La evangelización produce siempre efectos devastadores contra el Diablo, neutralizando su imperio sobre hombres, pueblos y culturas. Así lo entiende Jesucristo, como se ve en tantos lugares del Evangelio, por ejemplo, cuando recibe a los 72 discípulos que había enviado a predicar. Ellos volvían felices, «diciendo: “Señor, hasta los demonios se nos someten en tu nombre”. El les dijo: “yo veía a Satanás caer del cielo como un rayo. Mirad, os he dado el poder de pisar sobre serpientes y escorpiones, y sobre todo poder del enemigo, y nada os podrá hacer daño”» (Lc 10,17-19).
Según refieren peyorativamente los autores de la obra que comentamos, los primeros misioneros franciscanos, «desde su contexto español», estaban empeñados en «impedir que ninguna idolatría entrara en el corazón de sus hijos espirituales; y [sentían] el deber de salvarlos y liberarlos de las garras de las idolatrías ancestrales, que para ellos todos venían del maligno» (263). Y efectivamente, esa misma visión es la que se afirma en el I y el II Concilio Provincial Mexicano (1555 y 1565), y también en el III (1585), de los que, al parecer, se distancian notablemente nuestros doctos autores.
Los padres de este III Concilio insisten en que «se ha de evitar con suma diligencia que no quede en ellos [en los indios] impreso vestigio alguno de su antigua impiedad, del cual tomen ocasión, y engañados por la astucia diabólica, vuelvan otra vez como perros al vómito de la idolatría». Por eso los Obispos disponen que «sean destruidos sus ídolos y templos… no sea que el enemigo del género humano, que siempre busca modo de dañar, encuentre algunas imágenes de la antigua impiedad, con las cuales tienda de nuevo el lazo a los recién convertidos del gentilismo» (349).
A propósito de destrucciones. Recordaré, para terminar, una frase de los tres autores. En ella contraponen el modo arrasador que los españoles tenían de vencer, y el modo tan distinto de los mexicanos: «los antiguos jamás destruían a los vencidos»; en cambio los españoles los sometían, «destruyéndoles hasta su historia» (153). Pero esto es falso. En realidad los aztecas «destruían a los vencidos»: concretamente, los reducían a esclavitud, los aplastaban con impuestos, los sacrificaban a sus dioses, los desollaban, se los comían, se revestían de sus cueros, y como los demás pueblos de la zona, recubrían las pirámides cultuales de los pueblos vencidos con otras sobrepuestas, destruyendo así todos los signos pictográficos de su religión.
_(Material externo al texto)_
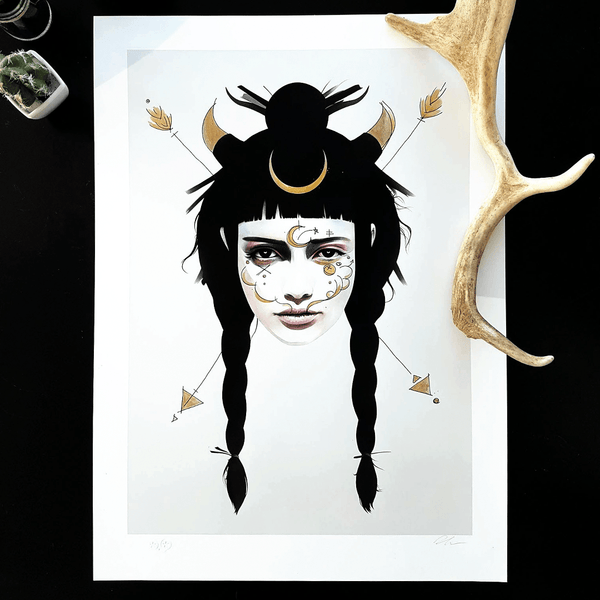 Never Turns - Hand Embellished Print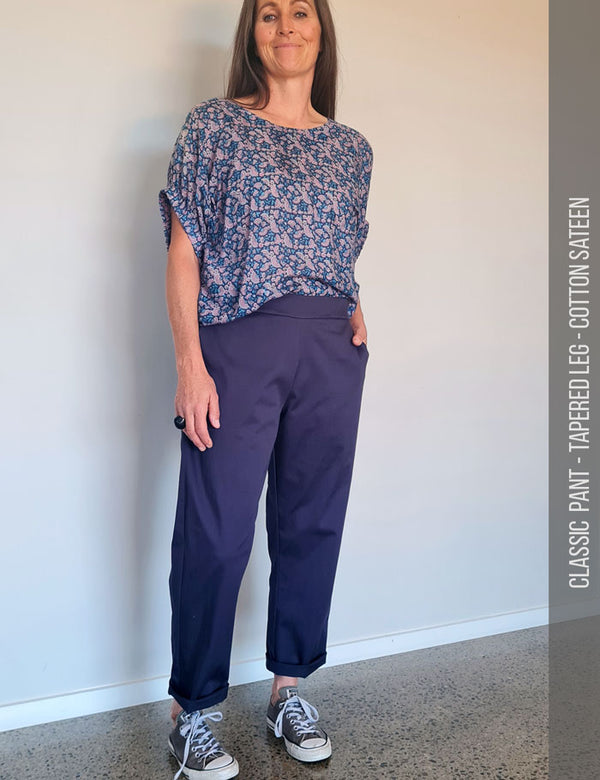 Classic pant sewing pattern with tapered leg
Cualquier turista, por un módico precio, puede hoy comprobar esta costumbre visitando, por ejemplo, cierta gran pirámide de Cholula, compuesta de siete pirámides superpuestas.
La peligrosidad del nacionalismo exacerbado es muy grande. En lo político lleva fácilmente a la guerra. Y en lo religioso, a la apostasía. Los Papas lo han advertido ya muchas veces. El nacionalismo extremo lleva a la apostasía, y la apostasía lleva al nacionalismo extremo. Son dos causas que se causan y potencian mutuamente. Y es que toda exaltación de la propia historia, del indigenismo autóctono, de la propia raza, de la propia religión pre-cristiana ancestral, de la misma condición humana en general, apesta a pelagianismo, y por el camino de la soberbia conduce a la pérdida del Evangelio.
«Maldito el hombre que en el hombre pone su confianza. Bendito el hombre que confía en el Señor, y en Él pone su confianza» (Jer 17,5).